L’ultimo motivo è inammissibile per difetto di interesse in quanto, anche laddove accolto, non condurrebbe alla cassazione della sentenza impugnata che ha correttamente esaminato il merito. Infatti, deve al riguardo richiamarsi giurisprudenza di legittimità costante ( ex multis , Cass. n. 12025/2019 e precedenti ivi richiamati) secondo cui, «in base alla norma citata , quando l’accertamento effettuato dall’ufficio è impugnato davanti all’autorità giudiziaria, l’iscrizione a ruolo è eseguita in presenza di provvedimento esecutivo del giudice; tuttavia, ove tale iscrizione avvenga ugualmente, la ritenuta illegittimità del procedimento non esime il giudice dall’accertamento nel merito sulla fondatezza dell’obbligo di pagamento dei premi. Ricorrono infatti gli stessi principi che governano il procedimento di opposizione a decreto ingiuntivo, per il quale si è ritenuto (tra le tante Cass. 4 dicembre 1997, n. 12311) che l’opposizione al decreto ingiuntivo dà luogo ad un ordinario, autonomo giudizio di cognizione, che sovrapponendosi allo speciale e sommario procedimento monitorio (art. 633 c.p.c., art. 644 cod. proc. civ. e segg.) si svolge nel contraddittorio delle parti secondo le norme del procedimento ordinario (art. 645 cod. proc. civ.) (in tal senso, v. Cass., 15 giugno 2015, n. 12333). Si è pertanto
affermato che, in tema di riscossione di contributi e premi assicurativi, il giudice dell’opposizione alla cartella esattoriale che ritenga illegittima l’iscrizione a ruolo non può limitarsi a dichiarare tale illegittimità, ma deve esaminare nel merito la fondatezza della domanda di pagamento dell’istituto previdenziale, valendo gli stessi principi che governano l’opposizione a decreto ingiuntivo (cfr., ex plurimis , Cass., 6 agosto 2012, n. 14149), con la conseguenza che gli eventuali vizi formali della cartella esattoriale opposta comportano soltanto l’impossibilità, per l’Istituto, di avvalersi del titolo esecutivo, ma non lo fanno decadere dal diritto di chiedere l’accertamento in sede giudiziaria dell’esistenza e dell’ammontare del proprio credito (cfr., Cass., 19 gennaio 2015, n. 774; Cass. 26 novembre 2011, n. 26395)» (più di recente, Cass. 3360/2023, n. 13843/2023, n. 15016/2023 ex multis ).

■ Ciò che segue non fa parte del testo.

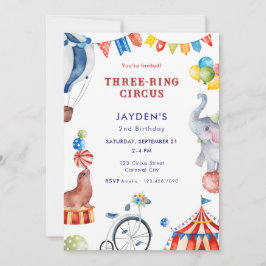 Three Ring Circus 2nd Birthday Carnival Animal Einladung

L’illegittimità dell’iscrizione a ruolo non esime, quindi, il Giudice dall’esaminare il merito della pretesa.
Resta da aggiungere che non è stato dedotto né dimostrato che la sentenza resa nel distinto giudizio, vertente tra le stesse parti, avente ad oggetto l’impugnazione della iscrizione alla gestione separata per l’anno 2009 (sentenza n. 12/2025 della Corte di Appello di Ancona) sia passata in giudicato.

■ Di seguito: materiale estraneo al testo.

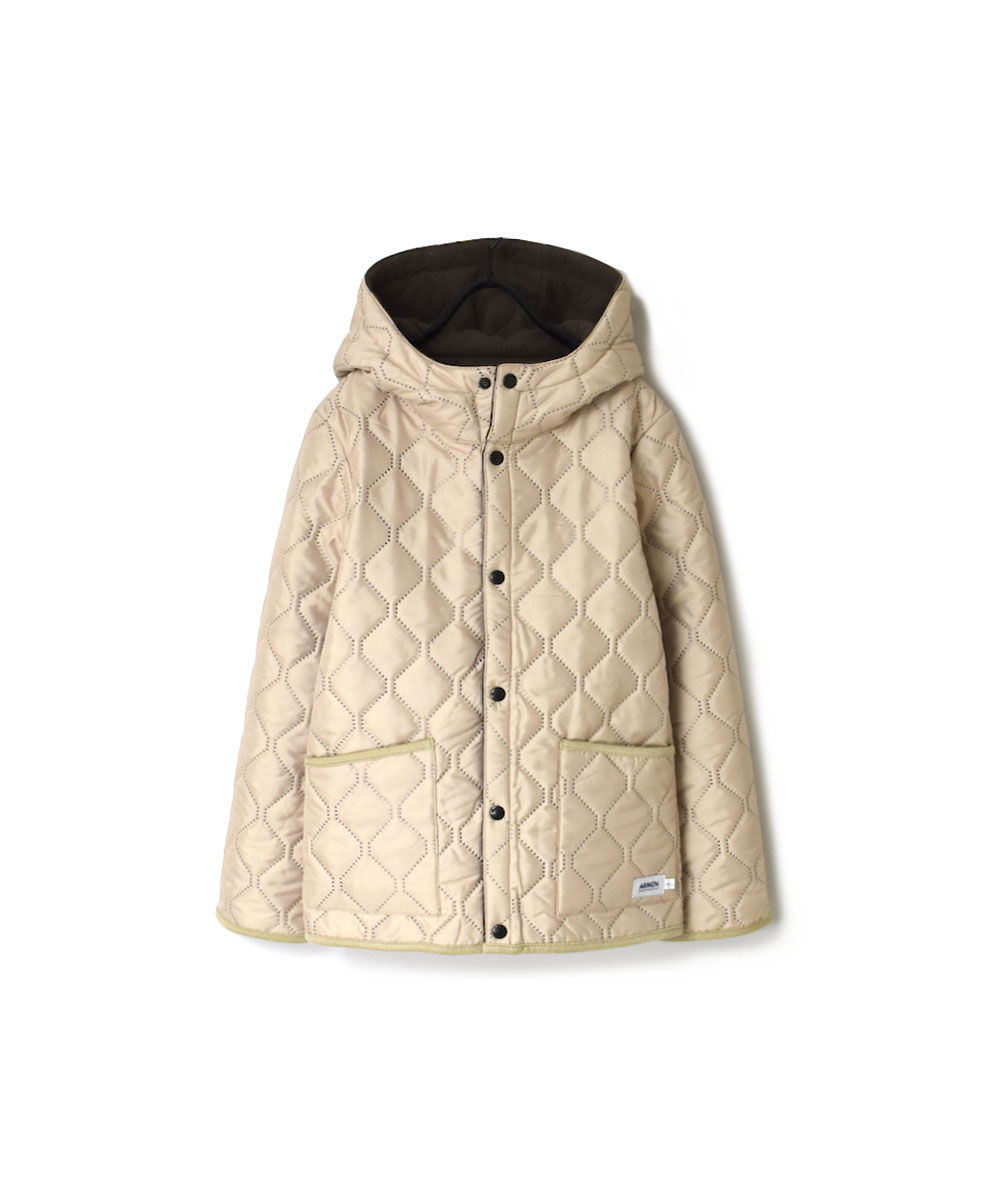 NAM1752 (ジャケット) POLYxFLEECE HEAT QUILT REVERSIBLE HIGH COLLAR HOODED JACKET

Pertanto, deve essere accolto il terzo motivo di ricorso, respinti gli altri; la sentenza impugnata va cassata in relazione al motivo accolto e, non essendo necessari ulteriori accertamenti, la causa va decisa nel merito dichiarando non dovute le sanzioni.

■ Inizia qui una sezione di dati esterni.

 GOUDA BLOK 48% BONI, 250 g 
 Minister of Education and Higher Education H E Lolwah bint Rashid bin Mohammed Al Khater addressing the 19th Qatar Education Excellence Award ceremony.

Le spese si compensano per la soccombenza reciproca, in relazione ai diversi capi di domanda proposti ed in considerazione della sopravvenienza di Corte Cost. n.104/2022.
PQM
La Corte accoglie il terzo motivo di ricorso, rigettati gli altri; cassa la sentenza impugnata in relazione al motivo accolto e, decidendo nel merito, dichiara non dovute le sanzioni; compensa le spese dell’intero processo.